See our latest analysis for Johnson Controls International
Johnson Controls International's Projected Earnings Seem Likely To Cover Future Distributions
We like to see robust dividend yields, but that doesn't matter if the payment isn't sustainable. The last payment made up 71% of earnings, but cash flows were much higher. This leaves plenty of cash for reinvestment into the business.
Over the next year, EPS is forecast to expand by 123.9%. If the dividend continues on this path, the payout ratio could be 33% by next year, which we think can be pretty sustainable going forward.
Dividend Volatility
The company's dividend history has been marked by instability, with at least one cut in the last 10 years. The annual payment during the last 10 years was $0.88 in 2014, and the most recent fiscal year payment was $1.48. This works out to be a compound annual growth rate (CAGR) of approximately 5.3% a year over that time. A reasonable rate of dividend growth is good to see, but we're wary that the dividend history is not as solid as we'd like, having been cut at least once.

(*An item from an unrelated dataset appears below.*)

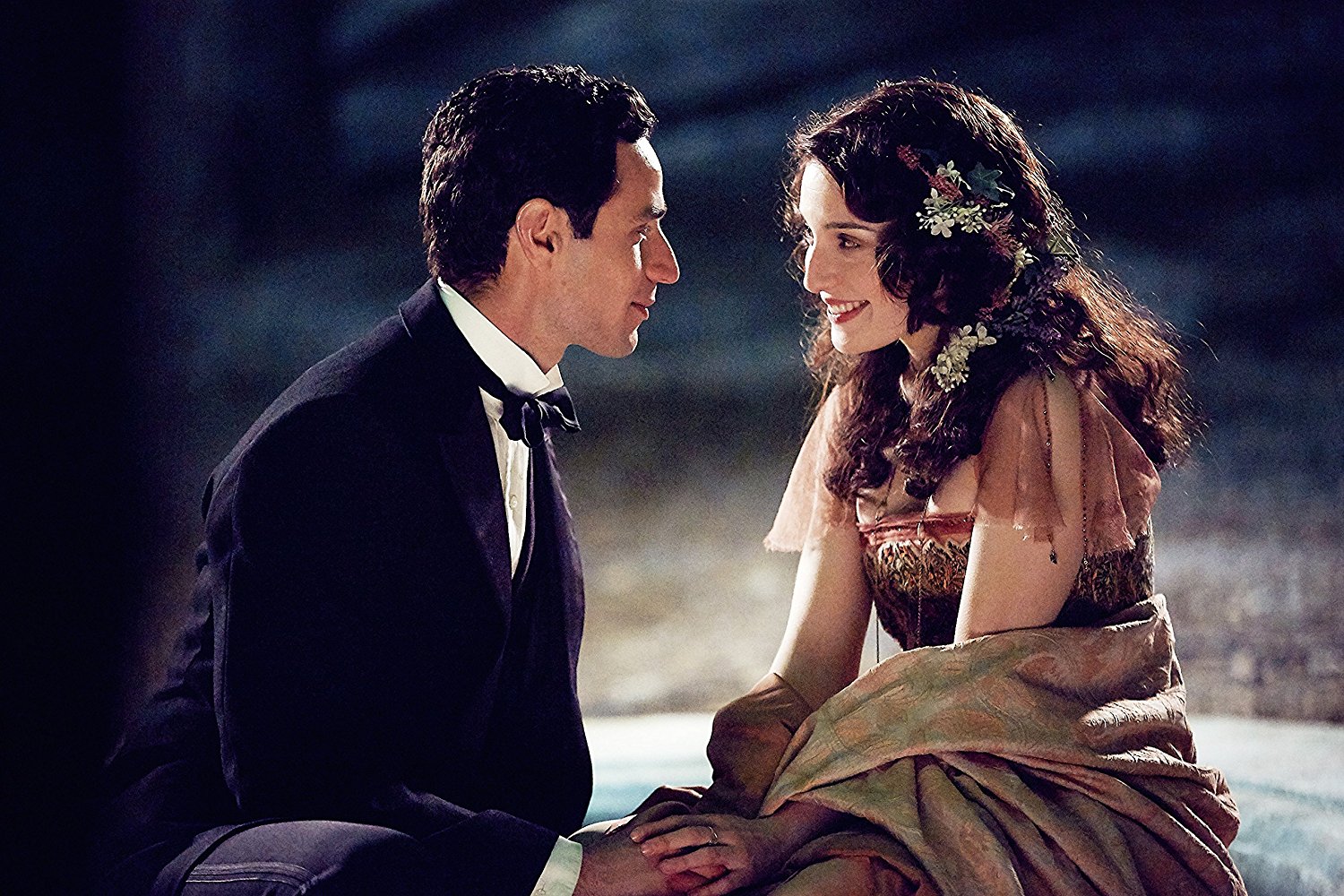 阿里与尼诺剧照的剧照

The Dividend Looks Likely To Grow
Given that the dividend has been cut in the past, we need to check if earnings are growing and if that might lead to stronger dividends in the future. Johnson Controls International has seen EPS rising for the last five years, at 11% per annum. Recently, the company has been able to grow earnings at a decent rate, but with the payout ratio on the higher end we don't think the dividend has many prospects for growth.

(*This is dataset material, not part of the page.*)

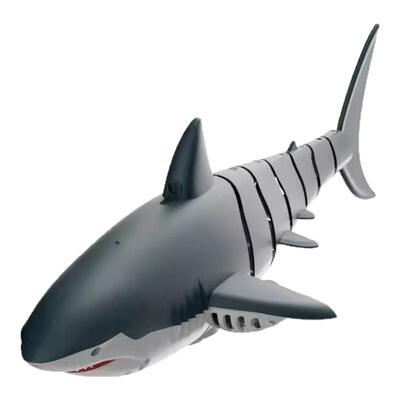 2025【6K摄像+手机APP遥控】鲨鱼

Johnson Controls International Looks Like A Great Dividend Stock
In summary, it is good to see that the dividend is staying consistent, and we don't think there is any reason to suspect this might change over the medium term. Distributions are quite easily covered by earnings, which are also being converted to cash flows. All of these factors considered, we think this has solid potential as a dividend stock.
Companies possessing a stable dividend policy will likely enjoy greater investor interest than those suffering from a more inconsistent approach. However, there are other things to consider for investors when analysing stock performance. Taking the debate a bit further, we've identified 3 warning signs for Johnson Controls International that investors need to be conscious of moving forward. Looking for more high-yielding dividend ideas? Try our collection of strong dividend payers.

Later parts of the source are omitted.